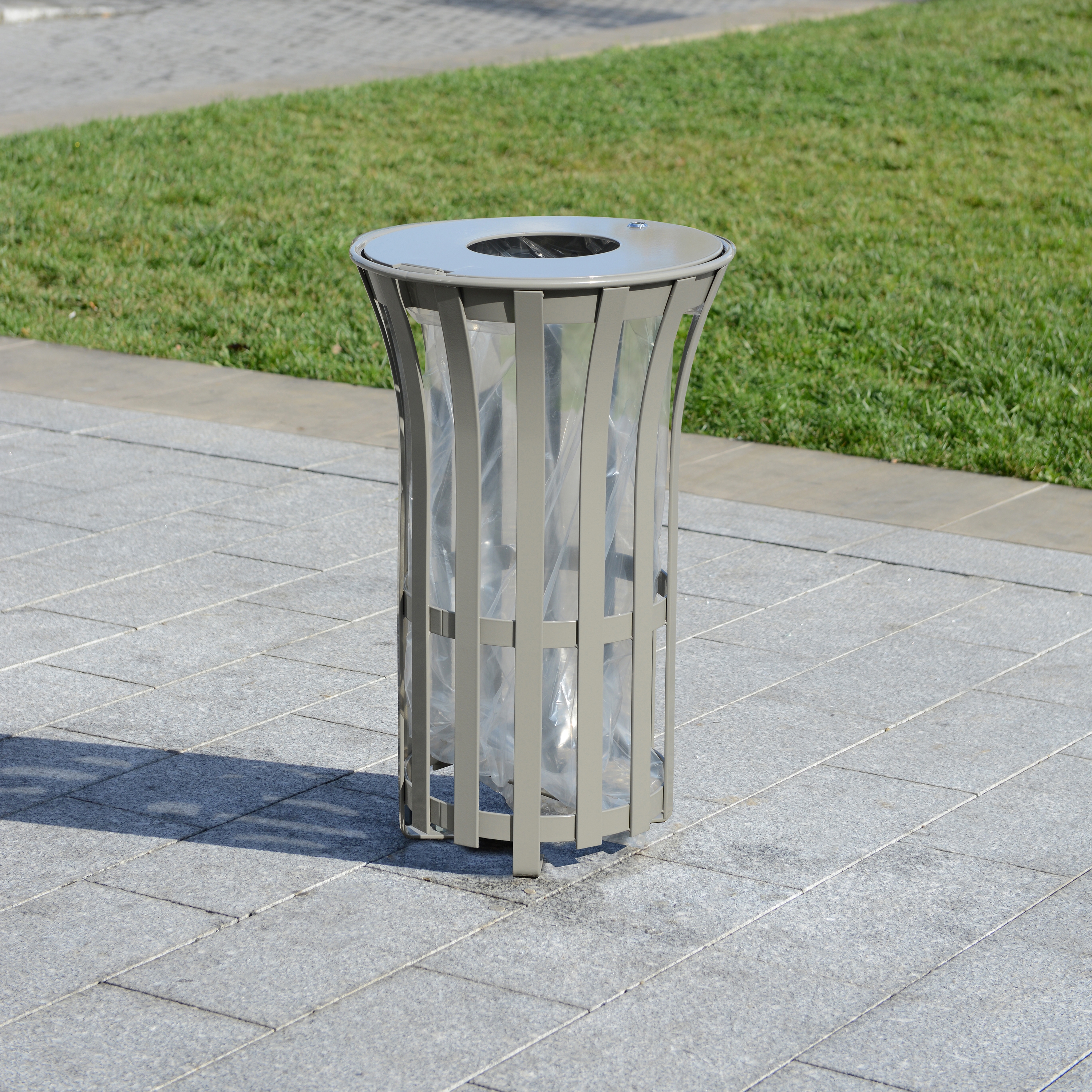 Produkt Cargo Bin des Herstellers Univers et Cité - Mobilier urbain anzeigen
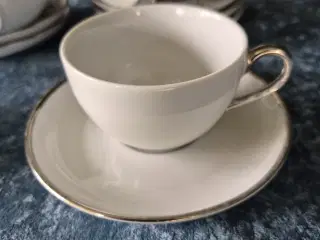 Pillivuyt Kop/ underkop med platin kant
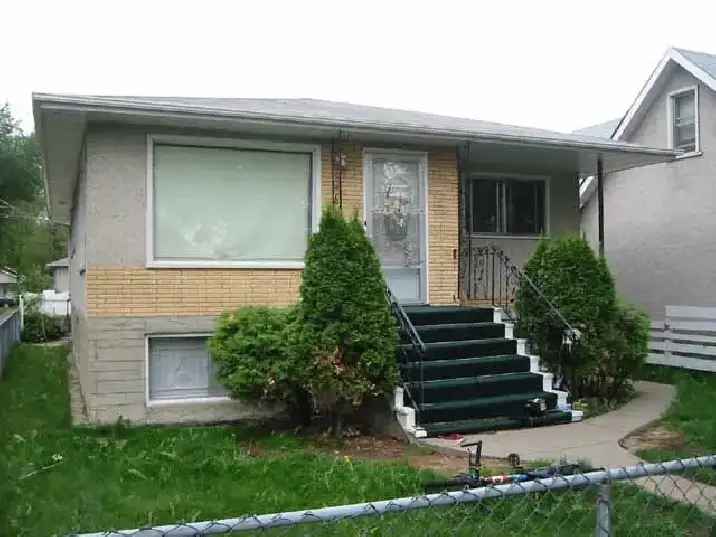 Rent 3 Bedroom Main Floor Suite in North Edmonton with Spacious Features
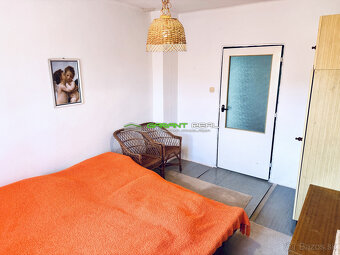 Predaj 2-podl. rodinný dom, garáž, pozemok 1891 m2, Svinia - 7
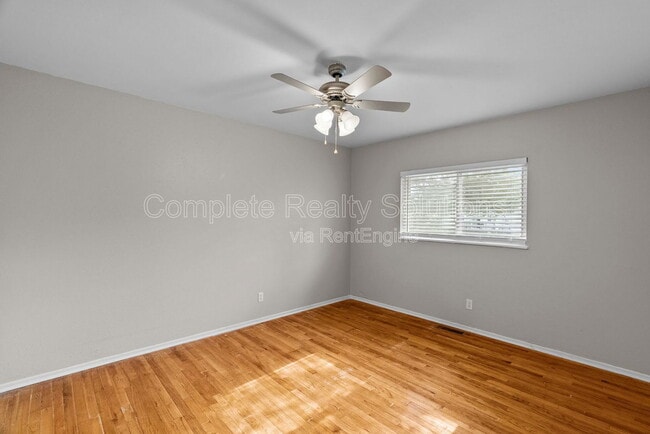 Building Photo - 12464 Glengate Dr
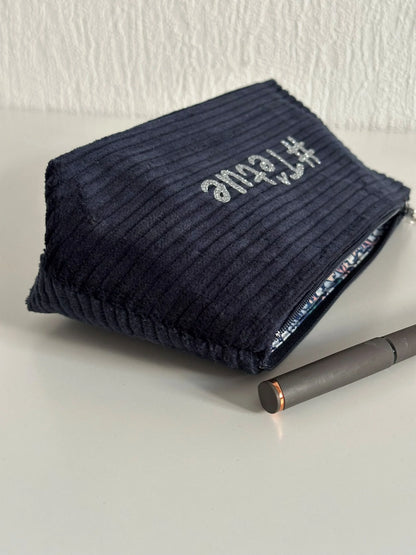 Vue latérale de la trousse scolaire en velours bleu.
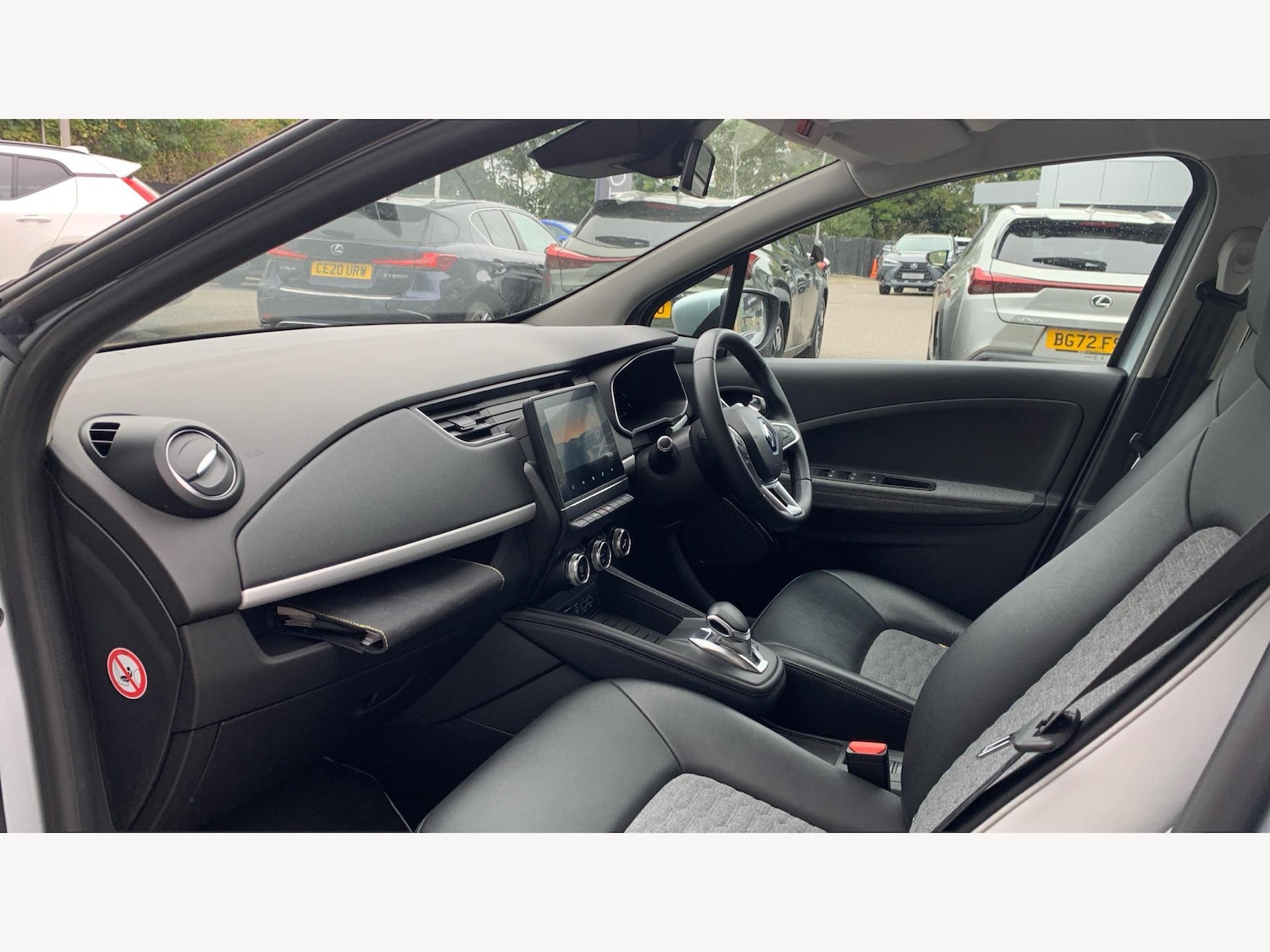 Used Renault Zoe 2021 for sale - 76620051: Photo 12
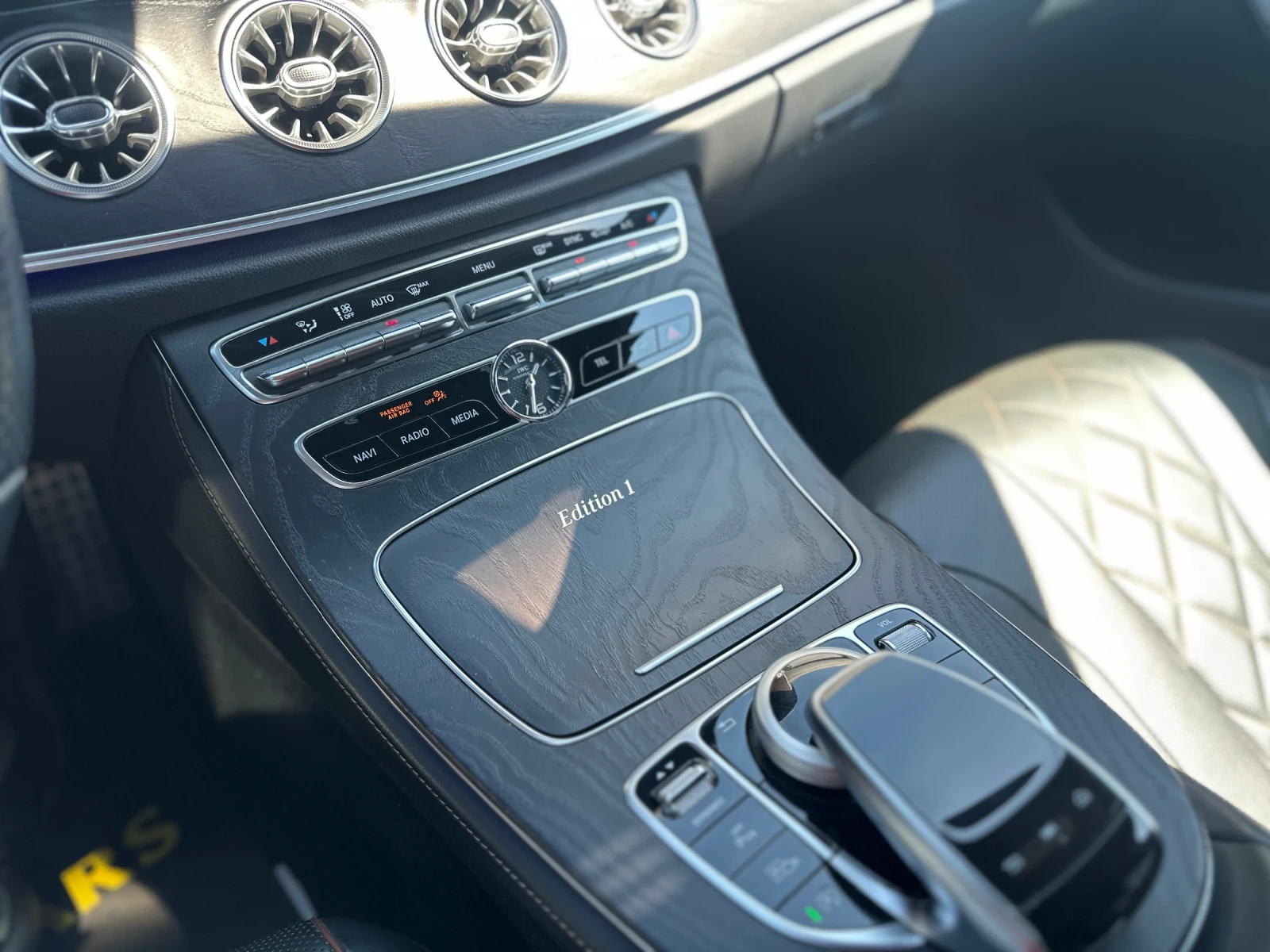 Mercedes-Benz CLS 400 AMG 360/DISTR/ОБДУХ/ПАМЕТ/FULL, снимка 10 - Автомобили и джипове - 55879537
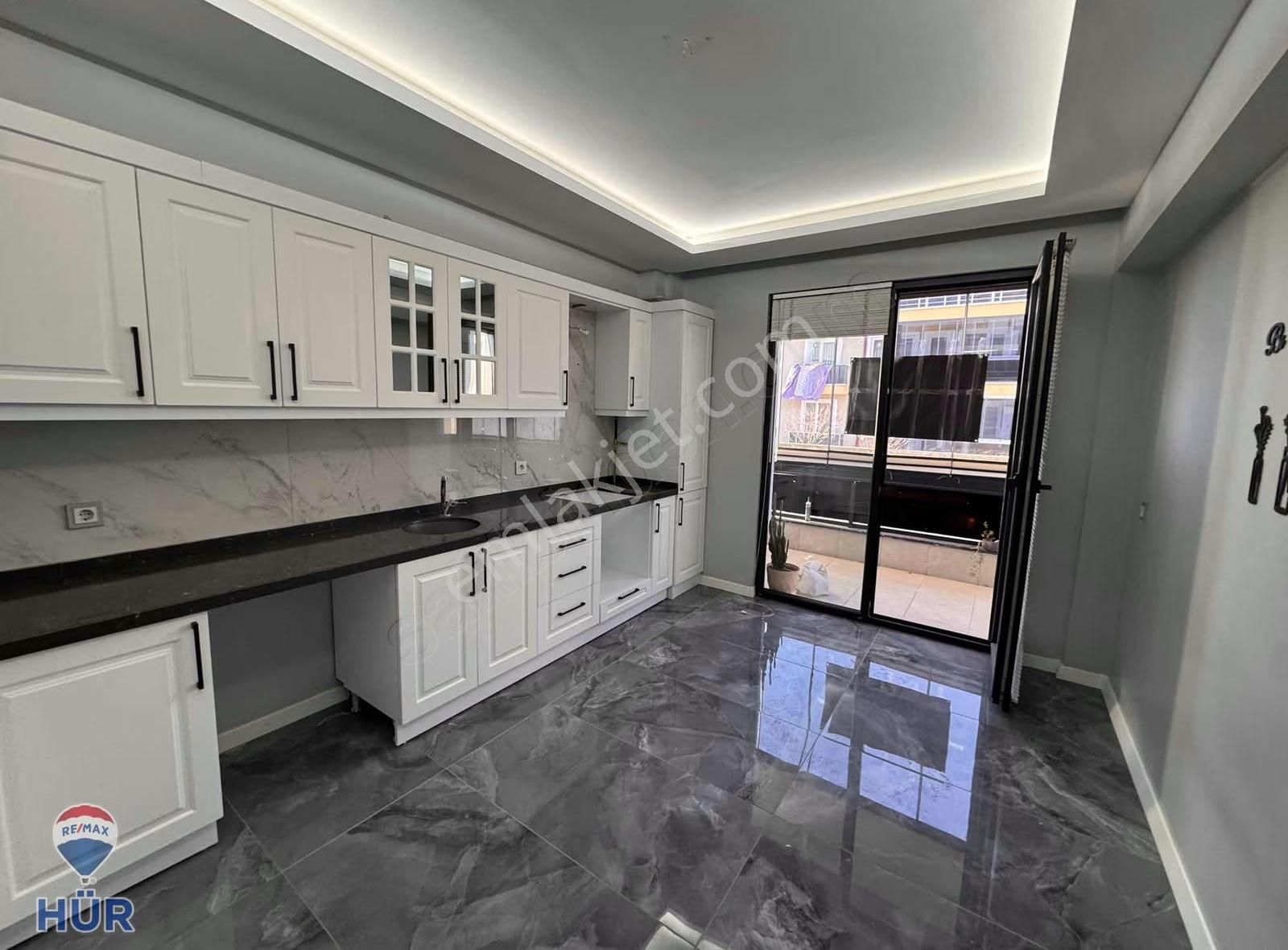 Yeni Çarşamba Pazarı Yanı Kiralık Lüks 3+1 Daire - Görsel 3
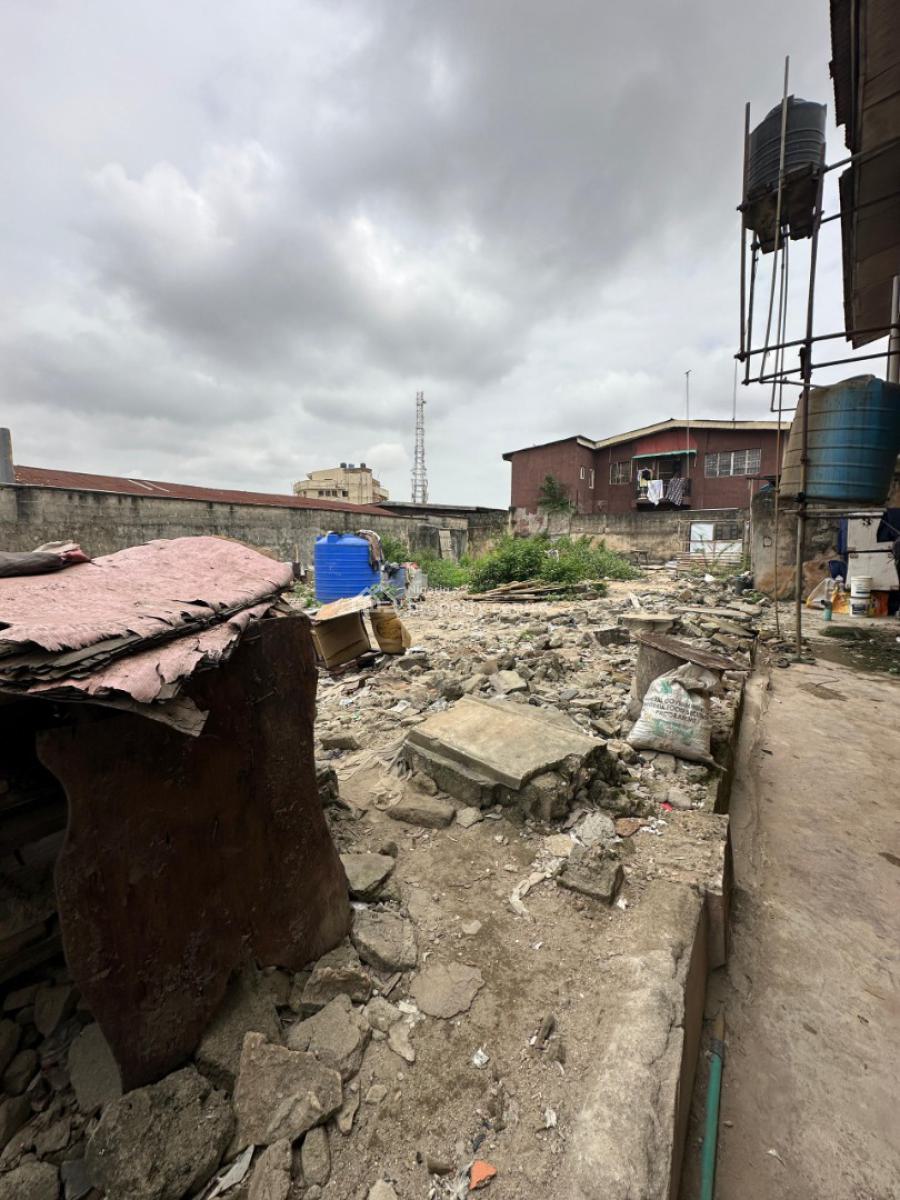 a 380sqm Plot Available in an Environment Suitable for Residential Dev, Few Minutes Drive to University of Lagos, Abule Ijesha, Yaba, Lagos, Residential Land for Sale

------------------------------

Work request:
Would you please transcribe the listing in full, exactly, while omitting the images?

Answer to this task:
 Produkt Cargo Bin des Herstellers Univers et Cité - Mobilier urbain anzeigen
 Pillivuyt Kop/ underkop med platin kant
 Rent 3 Bedroom Main Floor Suite in North Edmonton with Spacious Features
 Predaj 2-podl. rodinný dom, garáž, pozemok 1891 m2, Svinia - 7
 Building Photo - 12464 Glengate Dr
 Vue latérale de la trousse scolaire en velours bleu.
 Used Renault Zoe 2021 for sale - 76620051: Photo 12
 Mercedes-Benz CLS 400 AMG 360/DISTR/ОБДУХ/ПАМЕТ/FULL, снимка 10 - Автомобили и джипове - 55879537
 Yeni Çarşamba Pazarı Yanı Kiralık Lüks 3+1 Daire - Görsel 3
 a 380sqm Plot Available in an Environment Suitable for Residential Dev, Few Minutes Drive to University of Lagos, Abule Ijesha, Yaba, Lagos, Residential Land for Sale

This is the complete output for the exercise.